Essentially all physiological and morphological characteristics include herein at least small, edible fruits and dual purpose pollenizer characteristics as described throughout the description and examples. Thus in one aspect essentially all physiological and morphological characteristics refer herein to a plant having the fruit characteristics and/or the flowering (pollenizer) characteristics as described in specification and the Examples.

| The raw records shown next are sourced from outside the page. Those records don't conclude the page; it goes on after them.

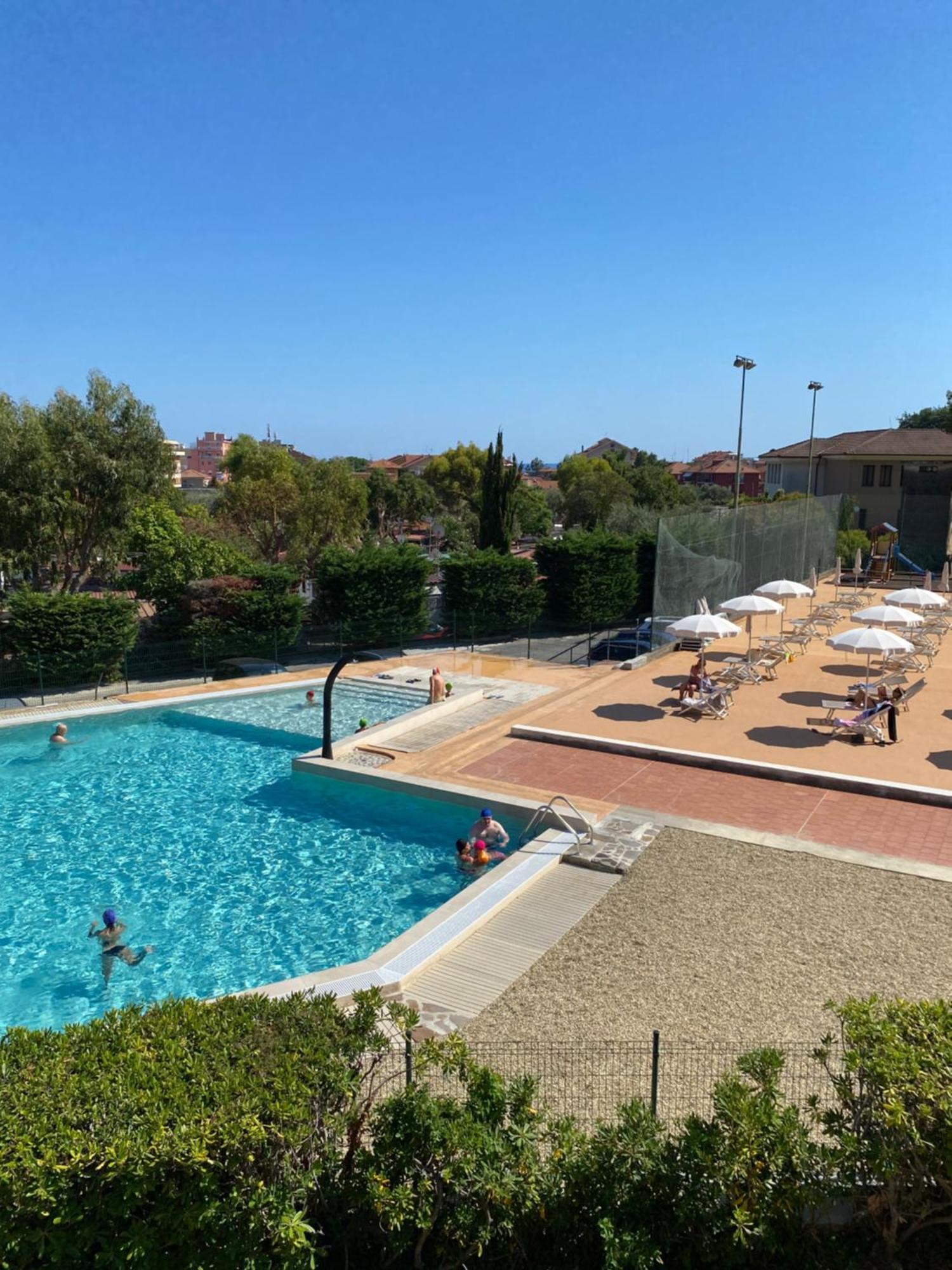 Il Borgo Della Rovere San Bartolomeo Al Mare Exterior foto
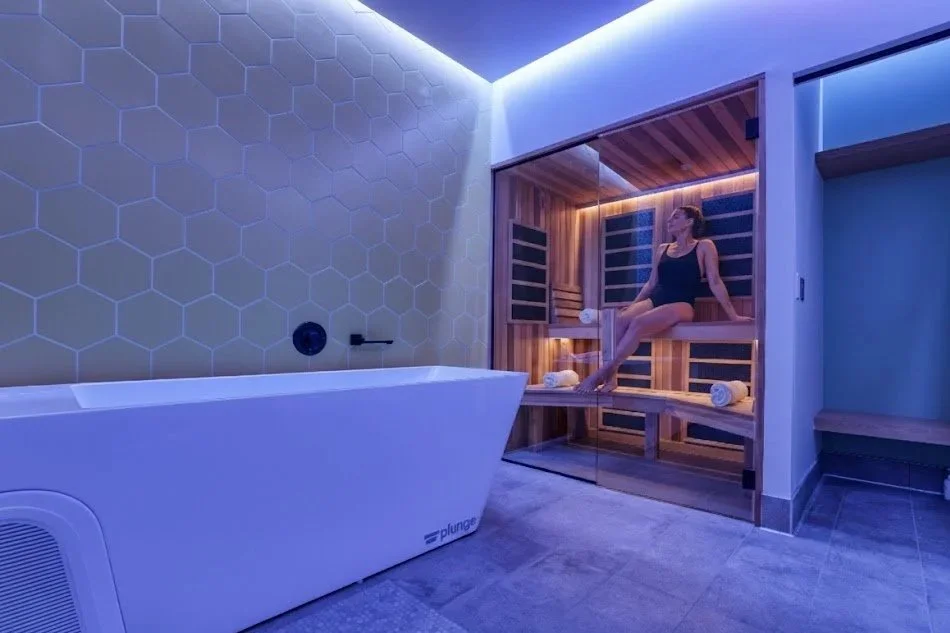Book infrared sauna and cold plunge contrast therapy session near Eagan MN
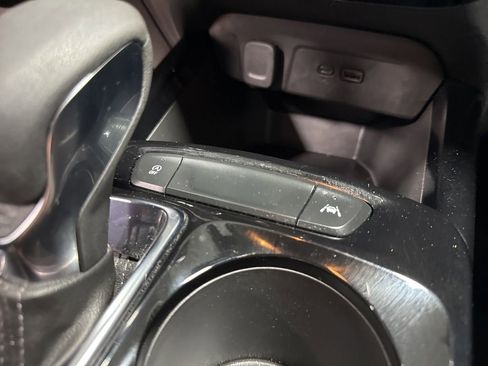 Used 2025 Chevrolet Trax LT w/ LT Convenience Package FWD image 27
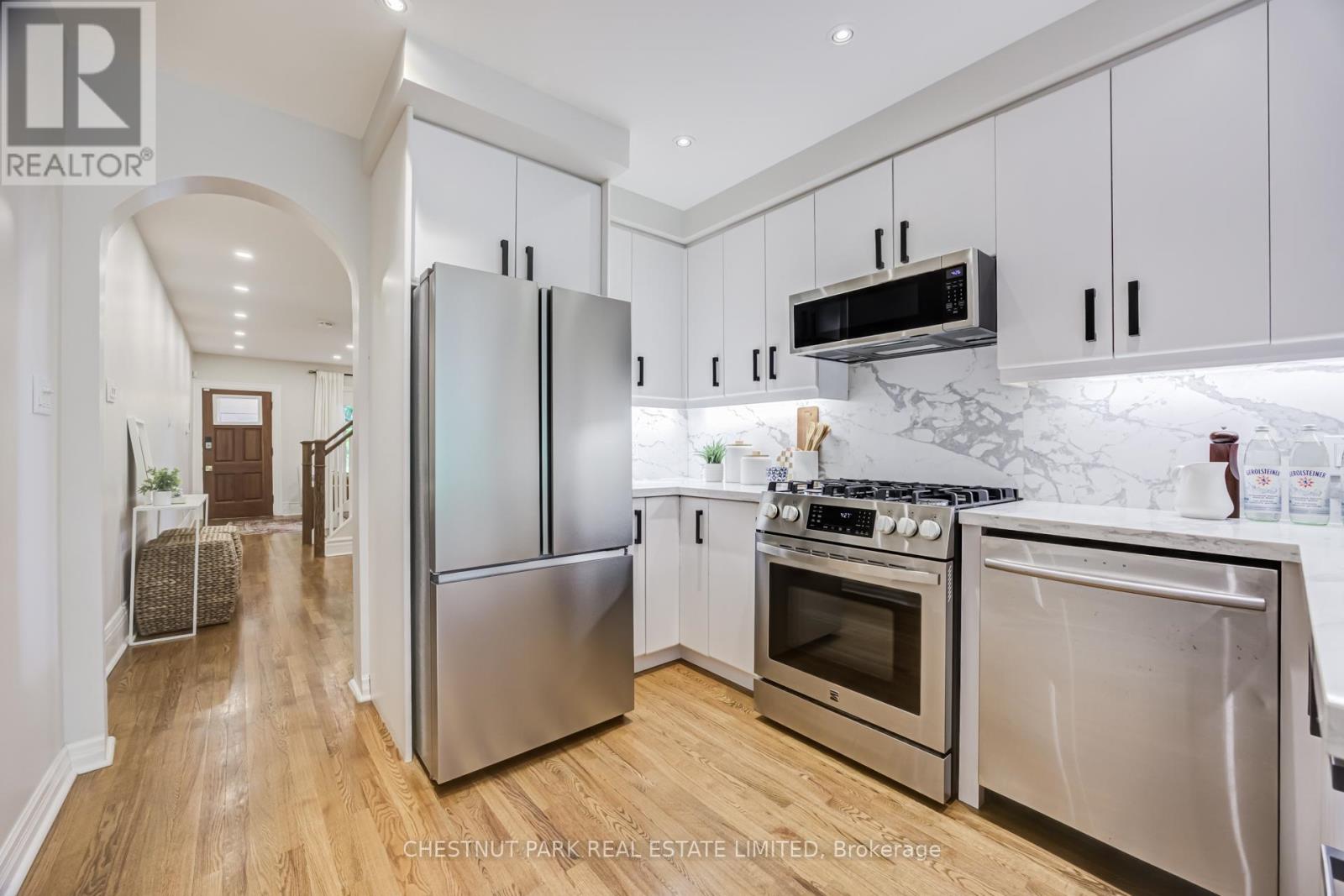 47 Geneva Avenue, Toronto, Ontario  M5A 2J9 - Photo 10 - C13428578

Also a plant part (e.g., a fruit, tissue, cell, cell culture, vegetative propagation, pollen, etc.) is provided which, when regenerated or grown into a whole plant, has essentially all the morphological and/or physiological characteristics of WH9306, WH9307, WH9308, WH9309, WH9322, WH9313, WH9317, WH9318, WH9319, WH9320 or WH9321, WH9716, WH9717, WH9721.

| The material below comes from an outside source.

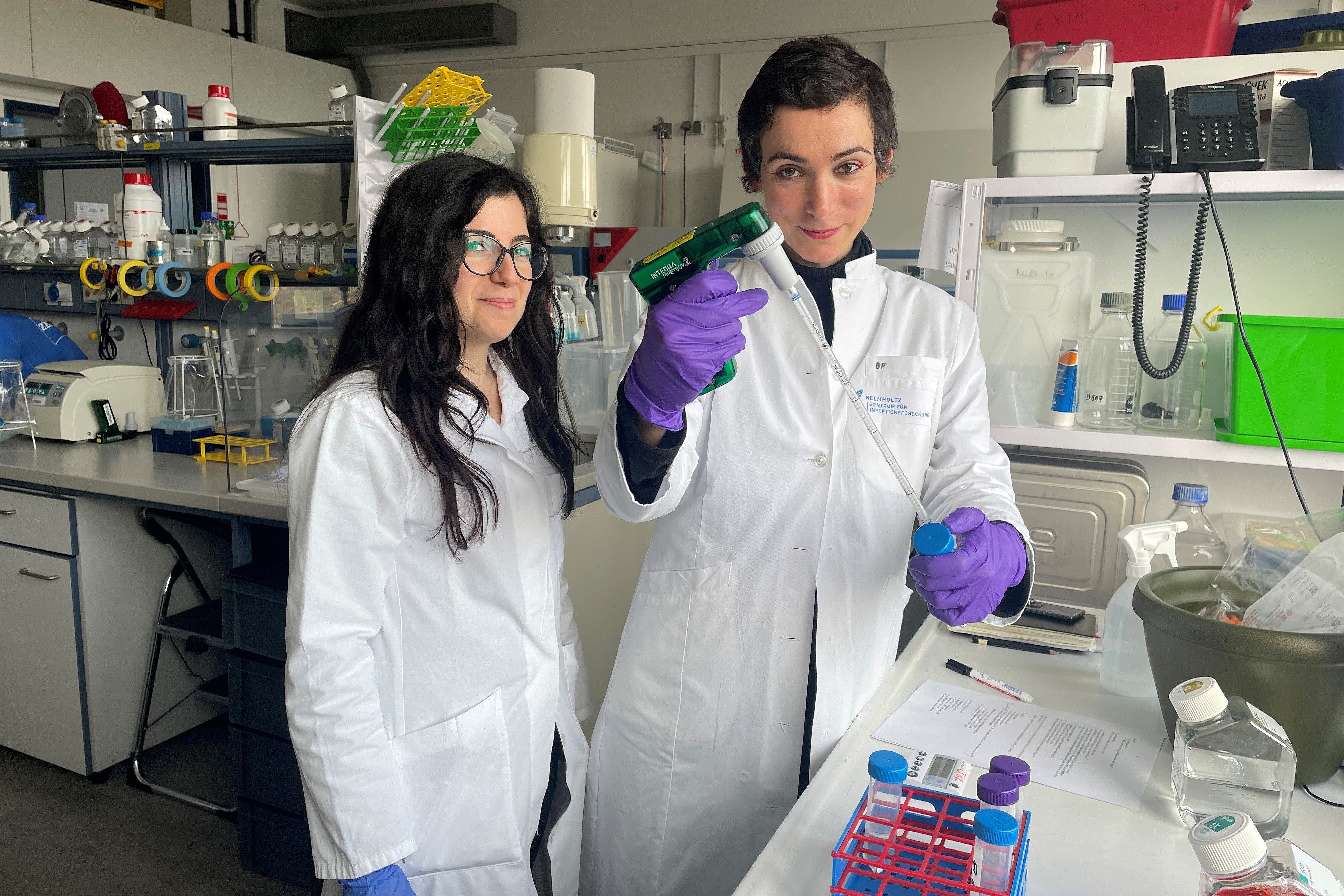 Martina Palatella (left) and Margherita Pevere in the laboratory of the department “Experimental Immunology”.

Also provided is a plant derived from (or obtained from) or derivable from (or obtainable from) any of WH9306, WH9307, WH9308, WH9309, WH9322, WH9313, WH9317, WH9318, WH9319, WH9320 or WH9321, WH9716, WH9717, WH9721 having one or two physiological and/or morphological characteristics which are different from the WH plant listed and which otherwise has essentially all physiological and morphological characteristics of a plant designated WH9306, WH9307, WH9308, WH9309, WH9322, WH9313, WH9317, WH9318, WH9319, WH9320 or WH9321, WH9716, WH9717, WH9721 obtainable by further breeding with the WH plant and/or by selecting a natural or induced mutant, or a somaclonal variant from a population of plants designated WH9306, WH9307, WH9308, WH9309, WH9322, WH9313, WH9317, WH9318, WH9319, WH9320 or WH9321 WH9716, WH9717, WH9721.
Thus, the invention provides a seed of watermelon variety WH9306, WH9307, WH9308, WH9309, WH9322, WH9313, WH9317, WH9318, WH9319, WH9320, WH9321, WH9716, WH9717, or WH9721, wherein a representative sample of said seed has been deposited under Accession Number NCIMB ______.
The invention provides a plant of watermelon variety WH9306, WH9307, WH9308, WH9309, WH9322, WH9313, WH9317, WH9318, WH9319, WH9320, WH9321, WH9716, WH9717, or WH9721, or a part thereof, wherein a representative sample of seed of said variety has been deposited under Accession Number NCIMB ______.
The invention provides a fruit of watermelon variety WH9306, WH9307, WH9308, WH9309, WH9322, WH9313, WH9317, WH9318, WH9319, WH9320, WH9321, WH9716, WH9717, or WH9721, or a plant part produced from the plant above.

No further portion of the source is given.